Look at a typical Yelp user page

Yelp Profile Page

Note that each number (circled in red) corresponds to a user behaviour that Yelp wants. Most important of all is the number of reviews – in this case 26. But almost as important is that those reviews are of high quality – that they are Useful (45), Funny (4) or Cool (11). Readers of reviews can with one click rate a review as Useful, Funny or Cool, and this positive feedback incents users to write reviews that will earn the appropriate feedback. Another important metric for Yelp is Firsts (7) as this helps drive the coverage ratio of businesses that have at least one review. (…)

An interesting point to note is that while reviewers rate businesses with 1-5 stars, users can only rate a review as Useful, Funny or Cool. There is no option to rate a review as Useless, Lame or Boring. Thumbs up, but no thumbs down. Why the difference? I suspect its because reviewers drive Yelp . Positive feedback is more likely to drive more reviews than negative feedback. (One of the “compliments” that Yelp users can send each other is even more explicit – “Write More!”).

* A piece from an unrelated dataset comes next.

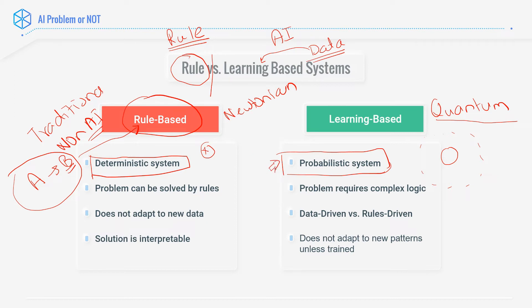A probabilistic system is based on data and on how certain rules combine with each other. When we are learning from data, this system can learn a different thing each time because it is not deterministic. That's why constantly monitoring what is happening — so that it is learning what we want it to learn — is very important. Whereas deterministic systems are very predictable, and you have a guarantee about how the system is going to behave.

On the other hand, giving a business a poor rating (1 star for example) won’t change their behaviour towards the site one way or the other, and it is valuable information to users. (…)

What it means: in the traditional business directory world, there are all sorts of promotions to incent the advertiser to “contribute”, i.e. be the first to advertise in a specific heading, add more content to his/her ad, etc. But not a lot of thoughts is being put into the user side of the equation. In a user-generated content world, you need to think about your user “incentive plan”. How will you motivate your user contributors? I am a strong believer in point systems as they put a numeric face on your contribution. A bit like your school report card. “Did you do well this year?” “Are you top of your class?”, etc. This motivates contribution. I suspect though that this system must create a pareto principle effect, with 20% of your users contributing 80% of your content. These are the people you want to identify and nurture.